#### [YOUR ASSIGNMENT]
Your output should be the entries below, exact in every detail.

######

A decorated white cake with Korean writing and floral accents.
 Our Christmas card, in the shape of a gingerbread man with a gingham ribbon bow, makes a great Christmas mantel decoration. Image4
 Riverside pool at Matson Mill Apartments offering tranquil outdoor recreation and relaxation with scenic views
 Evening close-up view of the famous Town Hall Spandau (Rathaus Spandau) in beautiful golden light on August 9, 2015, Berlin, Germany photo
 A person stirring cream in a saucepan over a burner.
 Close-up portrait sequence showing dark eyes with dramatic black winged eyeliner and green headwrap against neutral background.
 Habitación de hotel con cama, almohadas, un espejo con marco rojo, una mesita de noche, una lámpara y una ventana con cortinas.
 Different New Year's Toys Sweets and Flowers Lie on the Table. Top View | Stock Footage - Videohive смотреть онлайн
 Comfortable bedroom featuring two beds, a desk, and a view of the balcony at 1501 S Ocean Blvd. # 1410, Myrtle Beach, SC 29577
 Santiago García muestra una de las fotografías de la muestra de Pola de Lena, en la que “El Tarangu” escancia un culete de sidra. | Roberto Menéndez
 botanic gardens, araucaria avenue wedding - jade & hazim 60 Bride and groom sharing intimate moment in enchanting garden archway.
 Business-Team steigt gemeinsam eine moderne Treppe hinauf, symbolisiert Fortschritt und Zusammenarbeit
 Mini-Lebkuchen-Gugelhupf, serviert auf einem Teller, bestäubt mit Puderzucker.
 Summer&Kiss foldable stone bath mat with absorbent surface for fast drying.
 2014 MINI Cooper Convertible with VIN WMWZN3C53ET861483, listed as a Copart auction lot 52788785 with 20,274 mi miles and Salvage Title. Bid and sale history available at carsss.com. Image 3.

######

#### [RESPONSE FOR THIS EXERCISE]
A decorated white cake with Korean writing and floral accents.
 Our Christmas card, in the shape of a gingerbread man with a gingham ribbon bow, makes a great Christmas mantel decoration. Image4
 Riverside pool at Matson Mill Apartments offering tranquil outdoor recreation and relaxation with scenic views
 Evening close-up view of the famous Town Hall Spandau (Rathaus Spandau) in beautiful golden light on August 9, 2015, Berlin, Germany photo
 A person stirring cream in a saucepan over a burner.
 Close-up portrait sequence showing dark eyes with dramatic black winged eyeliner and green headwrap against neutral background.
 Habitación de hotel con cama, almohadas, un espejo con marco rojo, una mesita de noche, una lámpara y una ventana con cortinas.
 Different New Year's Toys Sweets and Flowers Lie on the Table. Top View | Stock Footage - Videohive смотреть онлайн
 Comfortable bedroom featuring two beds, a desk, and a view of the balcony at 1501 S Ocean Blvd. # 1410, Myrtle Beach, SC 29577
 Santiago García muestra una de las fotografías de la muestra de Pola de Lena, en la que “El Tarangu” escancia un culete de sidra. | Roberto Menéndez
 botanic gardens, araucaria avenue wedding - jade & hazim 60 Bride and groom sharing intimate moment in enchanting garden archway.
 Business-Team steigt gemeinsam eine moderne Treppe hinauf, symbolisiert Fortschritt und Zusammenarbeit
 Mini-Lebkuchen-Gugelhupf, serviert auf einem Teller, bestäubt mit Puderzucker.
 Summer&Kiss foldable stone bath mat with absorbent surface for fast drying.
 2014 MINI Cooper Convertible with VIN WMWZN3C53ET861483, listed as a Copart auction lot 52788785 with 20,274 mi miles and Salvage Title. Bid and sale history available at carsss.com. Image 3.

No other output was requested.